Wettest December in a century
Last month saw the UK have its wettest December in a century, with the north of England, and parts of Scotland and Wales, being hit particularly hard. Around 16,000 houses across Lancashire, Yorkshire, and Cumbria were affected as an unprecedented amount of rain fell.
River levels across the north were already higher than average for the time of year, so when Storm Desmond blew across the region in early December, followed by Storm Eva on Christmas Day, and Storm Frank on December 30th, many rivers burst their banks and caused severe flooding.
The floods caused thousands of people to evacuate their homes, as well as affecting power supplies all over the north of the UK, and causing structural damage to buildings and bridges.

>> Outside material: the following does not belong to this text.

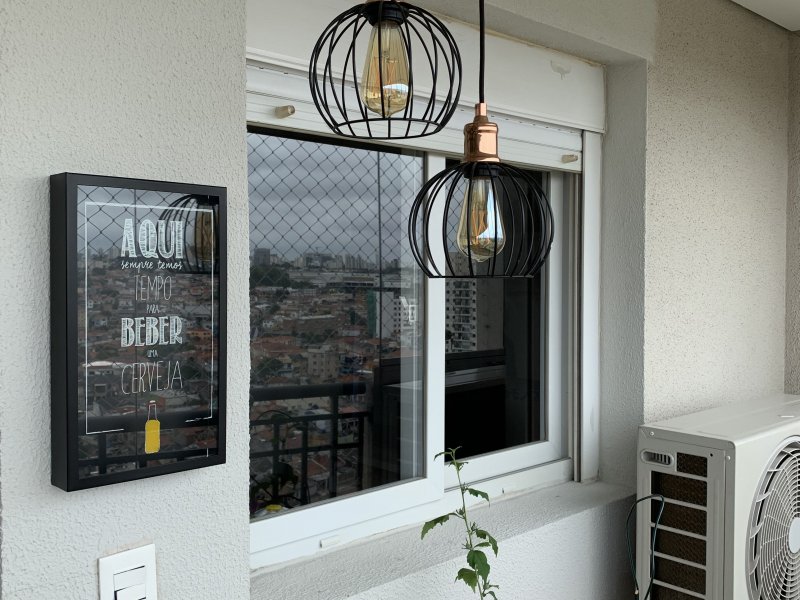 Apartamento à venda Campo Belo com 109m² e 3 quartos por R$ 1.180.000 - 1942996712-907508aa-fe76-4010-aa54-b5300d5c02b9.jpeg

Tadcaster Bridge in North Yorkshire, which is around 30 minutes away from Generator Power’s Normanton base, collapsed as a result of heavy flooding, leaving the town split in two. Residents of Tadcaster now have to take a 10 mile detour to get from one side of the town to the other, and it is estimated that repairs will cost £3m and could take up to a year to complete.
Generator Power to the rescue
On December 28th we received a call at 6am on our emergency line, 0845 601 2187, which is monitored 24/7 365 days of the year. By 12pm that day we had arranged for emergency power equipment, including two 2500 amp distribution boards and eight sets of 240mm cable, to be sent to York Barracks. An RAF Chinook helicopter collected the supplies and flew them quickly and carefully to their destination, where they were then used to aid the repair work being carried out on the Foss Barrier on the River Foss in York.
Around 500 soldiers have now been brought in to help deal with the unprecedented flooding that Lancashire and Yorkshire have experienced. David Cameron has vowed to help people in “their hour of need”, releasing emergency government funding to ensure that homes and lives are repaired as quickly as possible.